Dalam hadis lainnya, “Imam adalah pengurus dan ia akan diminta pertanggungjawaban terhadap rakyat yang diurusnya.” (HR Muslim dan Ahmad).
Di samping itu, Negara adalah pelaksana utama penerapan syariat Islam. Oleh karenaya, negara berwenang memberikan sanksi tegas bagi pelaku tindak kejahatan seksual.
Negara akan menerapkan aturan sosial yang bersih sekaligus menginternalisasi pemahaman melalui aktivitas dakwah dan pendidikan sehingga setiap anggota masyarakat memahami tujuan hidup dan makna kebahagiaan hakiki.
Pada akhirnya, secara otomatis semua ini akan menghindarkan rakyatnya melakukan berbagai tindakan kemaksiatan, termasuk kekerasan seksual terhadap perempuan.
Sangat nyata, maraknya kekerasan di negeri ini tidak akan bisa terselesaikan dengan pengesahan RUU TP-KS. Selain aturan ini lahir dari buah pikir manusia yang lemah dan terbatas, aturan ini lahir dari sistem sekuler kapitalistik yang tidak memiliki standar baku. Jika kita berharap masalah kekerasan terhadap perempuan ini selesai dengan RUU TP-KS, ini merupakan harapan semu.

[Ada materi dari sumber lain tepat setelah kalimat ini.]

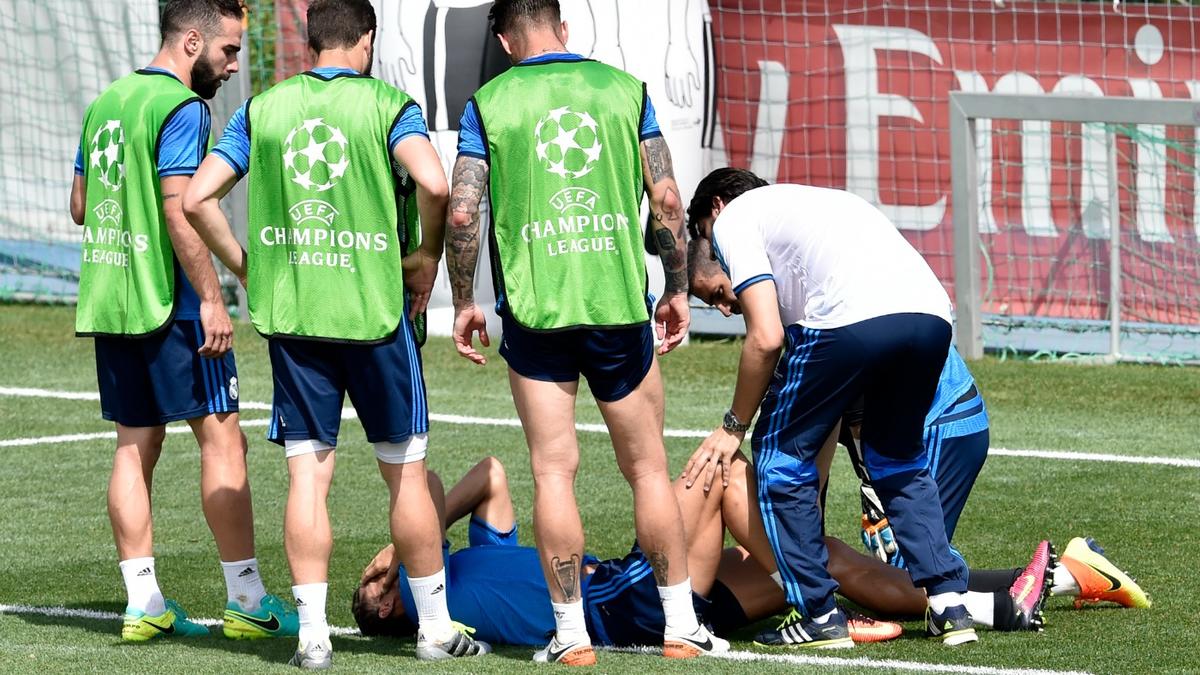 Real Madrid on alert as Ronaldo injured days ahead of Champions League ...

Dengan demikian, sudah seharusnya kita sebagai muslim menyandarkan penyelesaian yang menimpa kita seluruhnya kepada aturan Islam semata, aturan yang datang dari Al-Khalik Al-Mudabbir, termasuk soal kekerasan terhadap perempuan.
Syariat Islam akan melindungi perempuan, bahkan siapa pun dari segala bentuk kekerasan. Dengan tiga pilar penegakan hukum Islam tersebut, aturan Islam dapat terwujud secara nyata dan sempurna.